**Activity**
No picture belongs in the answer, which must hold exactly the lines from the one with "Anillo Star Hueco" through the final line below.

[Stored data entries]
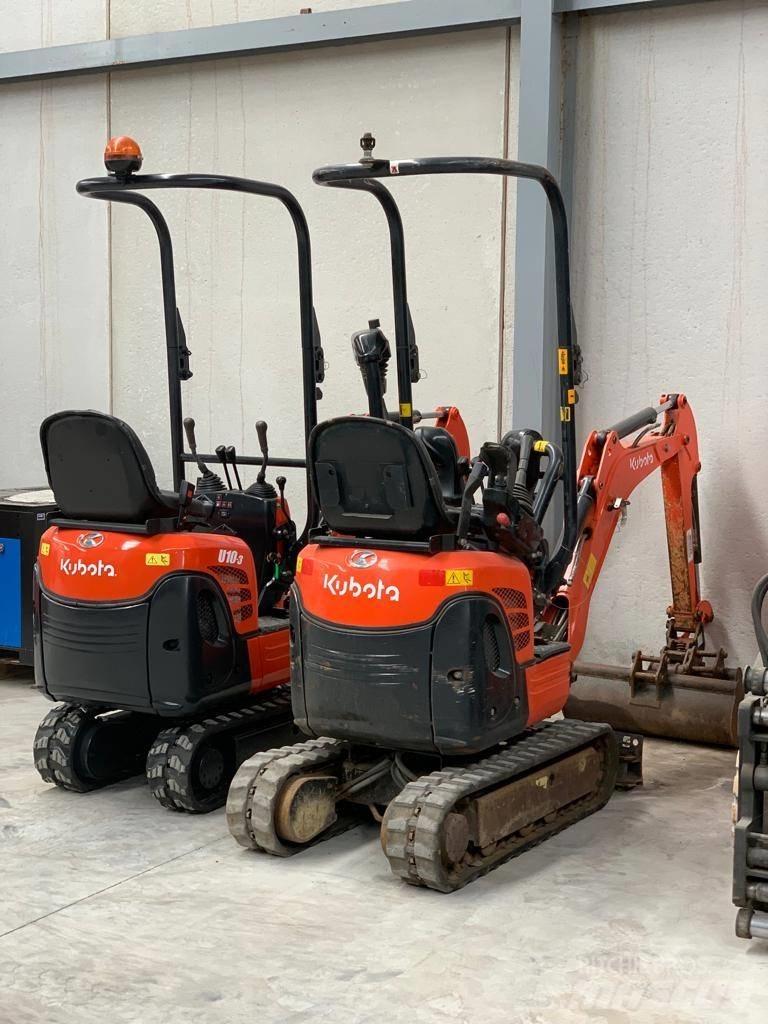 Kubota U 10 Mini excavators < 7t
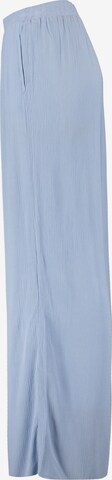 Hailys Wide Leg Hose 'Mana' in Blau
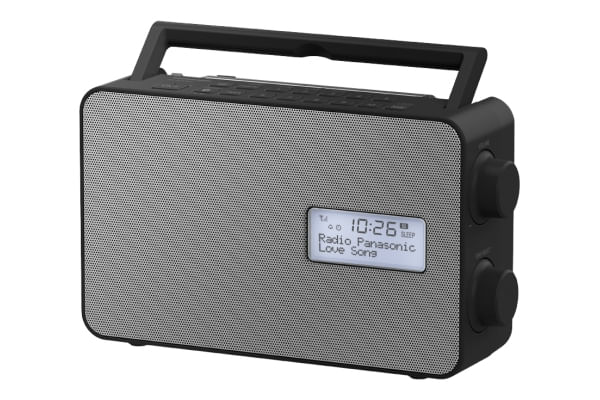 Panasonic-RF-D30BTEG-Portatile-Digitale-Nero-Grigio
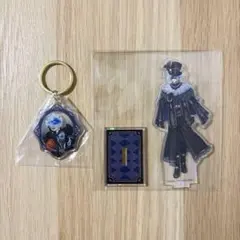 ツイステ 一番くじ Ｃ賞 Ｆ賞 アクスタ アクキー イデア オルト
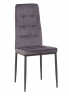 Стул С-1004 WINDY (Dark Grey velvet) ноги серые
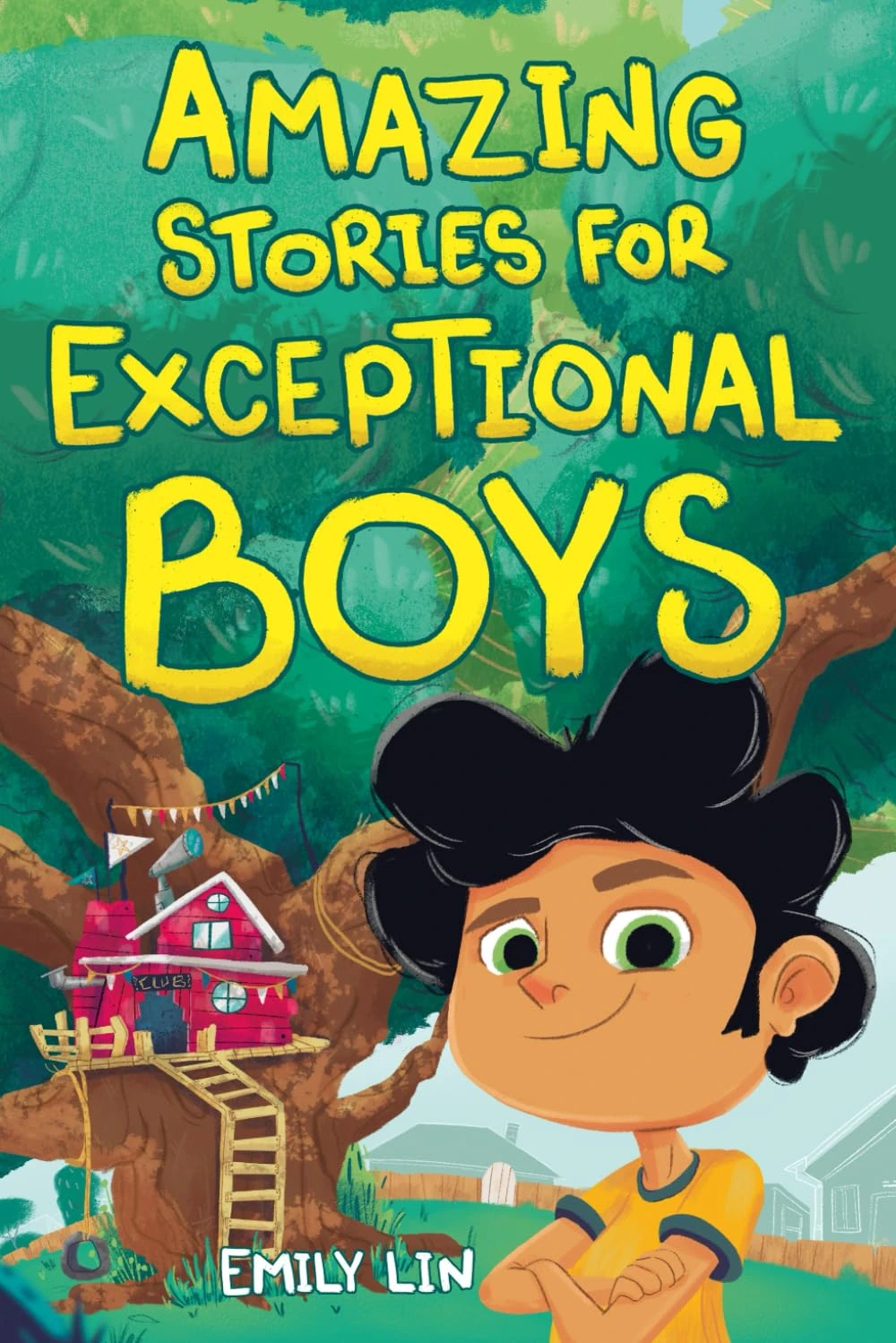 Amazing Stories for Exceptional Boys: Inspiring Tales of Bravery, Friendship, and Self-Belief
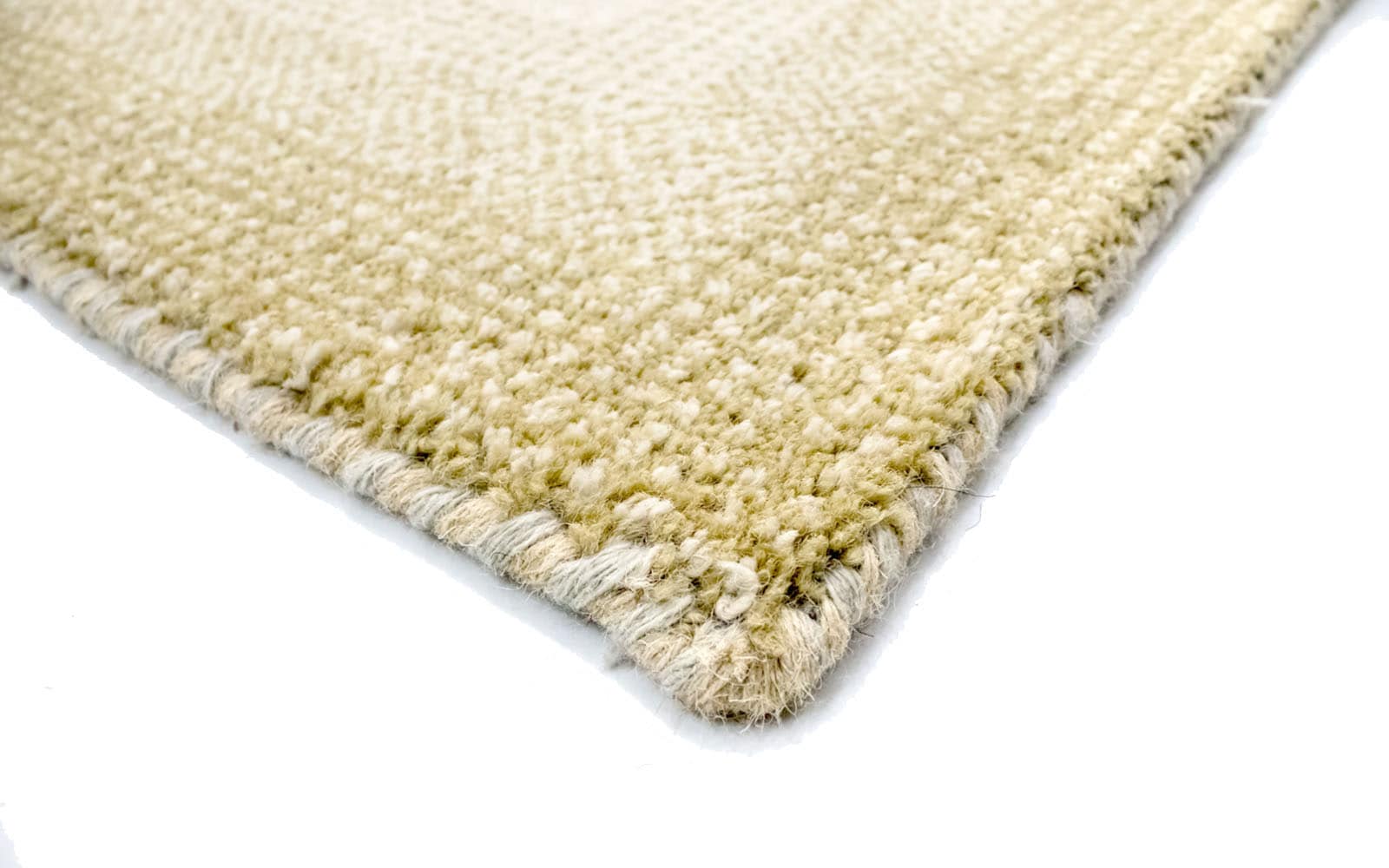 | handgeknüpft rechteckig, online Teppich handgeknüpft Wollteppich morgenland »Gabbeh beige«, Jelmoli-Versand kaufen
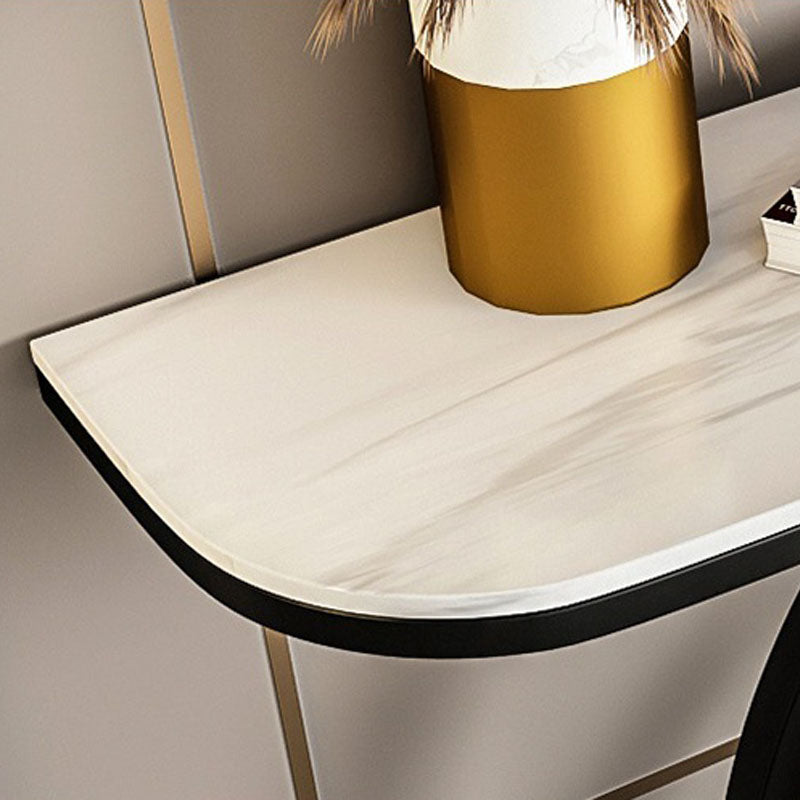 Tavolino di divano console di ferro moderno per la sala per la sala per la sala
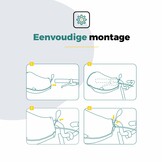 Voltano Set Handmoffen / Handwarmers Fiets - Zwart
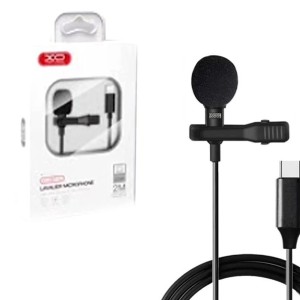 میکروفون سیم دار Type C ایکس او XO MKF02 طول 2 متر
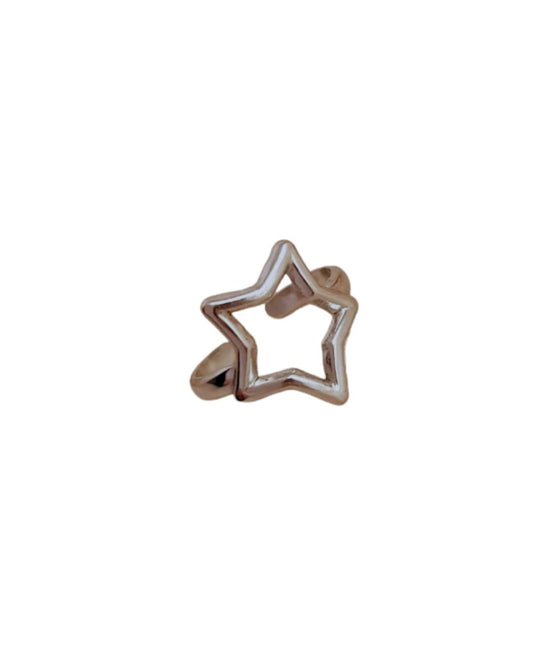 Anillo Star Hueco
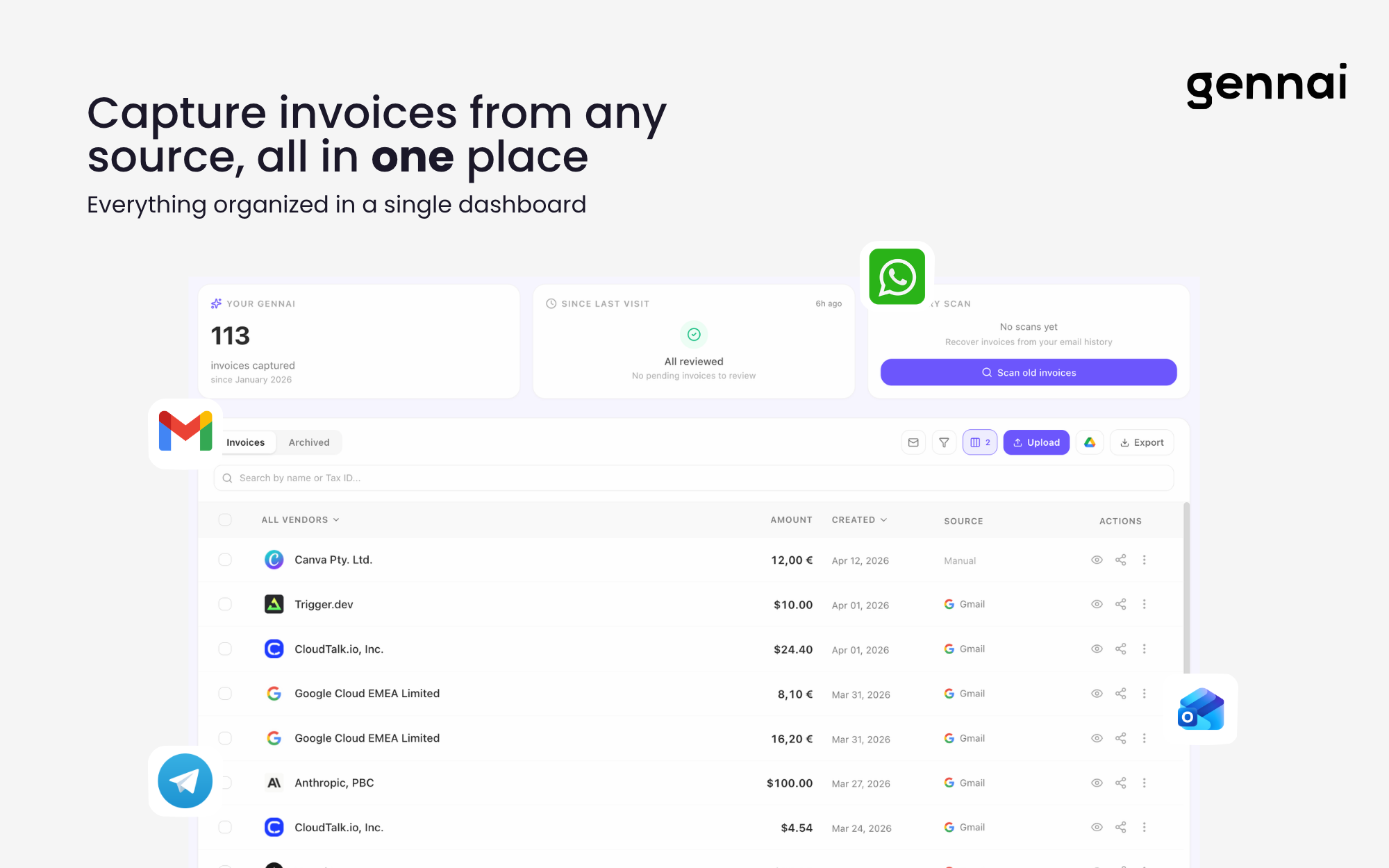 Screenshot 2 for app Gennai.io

**Solution to this problem**
 Anillo Star Hueco
 Screenshot 2 for app Gennai.io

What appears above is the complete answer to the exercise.